Die Ursache dafür liegt im Energieverbrauch. Die zur Verfügung stehende Energiemenge ist begrenzt. Jeder Sportler kann nur dasjenige Tempo anschlagen, das er bis ins Ziel mit Energie zu versorgen in der Lage ist. Bewegt er sich zu schnell, ist der Tank leer, bevor der Zielbogen erreicht wurde. Der Energieverbrauch ist daher der zentrale Leitgedanke beim Pacing auf der Langdistanz. Dabei gilt stets: weg ist weg. Was man am Solarer Berg verballert hat, fehlt einem beim Marathon an der Lände.

Los geht’s!

Am Start geht es meistens etwas hektisch zu. Die ersten paar Minuten schwimmt man in der Regel über seine Verhältnisse, danach muss man seine realistische Geschwindigkeit finden. Da man unterwegs selten auf die Uhr schauen kann, bleibt das eine Gefühlssache, mit der man sich im Training vertraut machen sollte. Im Zweifel gilt es, cool zu bleiben, denn der Tag ist noch lang.

Radfahren

In der ersten halben Radstunde haben Sie drei Aufgaben. Erstens: Hören Sie sofort auf, mit anderen Personen um Positionen zu kämpfen. Ein Triathlon ist kein Radrennen. Konzentrieren Sie sich auf sich selbst. Zweitens: Beruhigen Sie sich und zwingen Sie sich, Ihre aktuelle Situation wahrzunehmen. Wie ist das Wetter, wird es ein heißer Tag? Wie ist die Tagesform, gut oder eher so mittelmäßig? Wie fühlt sich die aktuelle Anstrengung an? Befinden Sie sich in dem Leistungsbereich (Puls oder Watt), den Sie vorher mit sich vereinbart haben? Diese erste Bestandsaufnahme ist sehr wichtig, da sie Ihnen ermöglicht, bereits früh im Rennen wichtige Entscheidungen zu treffen. Beispielsweise bei einem heißen Tag und mäßiger Tagesform etwas Tempo herauszunehmen. Das zahlt sich später aus. Drittens: Beginnen Sie so früh wie möglich, sich mit flüssigen Kohlenhydraten zu versorgen. Dazu später mehr.

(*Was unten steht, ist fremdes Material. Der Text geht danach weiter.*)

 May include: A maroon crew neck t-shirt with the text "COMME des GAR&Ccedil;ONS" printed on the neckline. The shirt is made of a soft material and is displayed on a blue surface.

Wo liegt Ihr optimales Wettkampftempo auf dem Rad? Diese Frage sollten Sie glasklar beantworten können, beispielsweise 180–190 Watt oder 140–145er-Puls. Wie man zu diesen Werten kommt, lesen Sie hier oder in der Ausgabe dieses Magazins (Ausgabe 2-2021, Seite 39).

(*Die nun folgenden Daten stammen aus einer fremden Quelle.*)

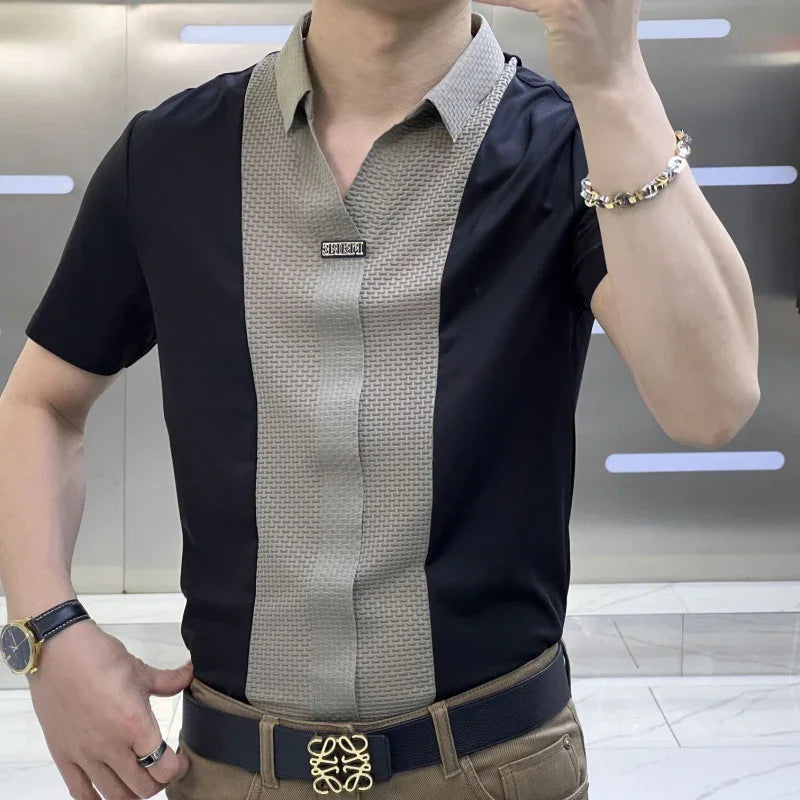 Man wearing black and beige short-sleeve shirt with logo pin, paired with brown pants and black belt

Training Peak-Phase: Abbildung 1
Abbildung 1: Training Peak-Phase Pacing-Rad

Für die meisten Athleten liegen zwischen einem gut eingeteilten und einem überzogenen Tempo auf dem Rad nur 10 bis 15 Watt Unterschied. Beispiel: Eine durchschnittliche Leistung von 200 Watt kann eine Bestzeit bringen, eine Leistung von 210 Watt hingegen einen Wandertag. Machen Sie sich klar, wie eng dieser Leistungskorridor ist. Das ist der wichtigste Rat, den ich Ihnen geben kann. Fahren Sie in keiner Phase des Rennens über Ihre Verhältnisse.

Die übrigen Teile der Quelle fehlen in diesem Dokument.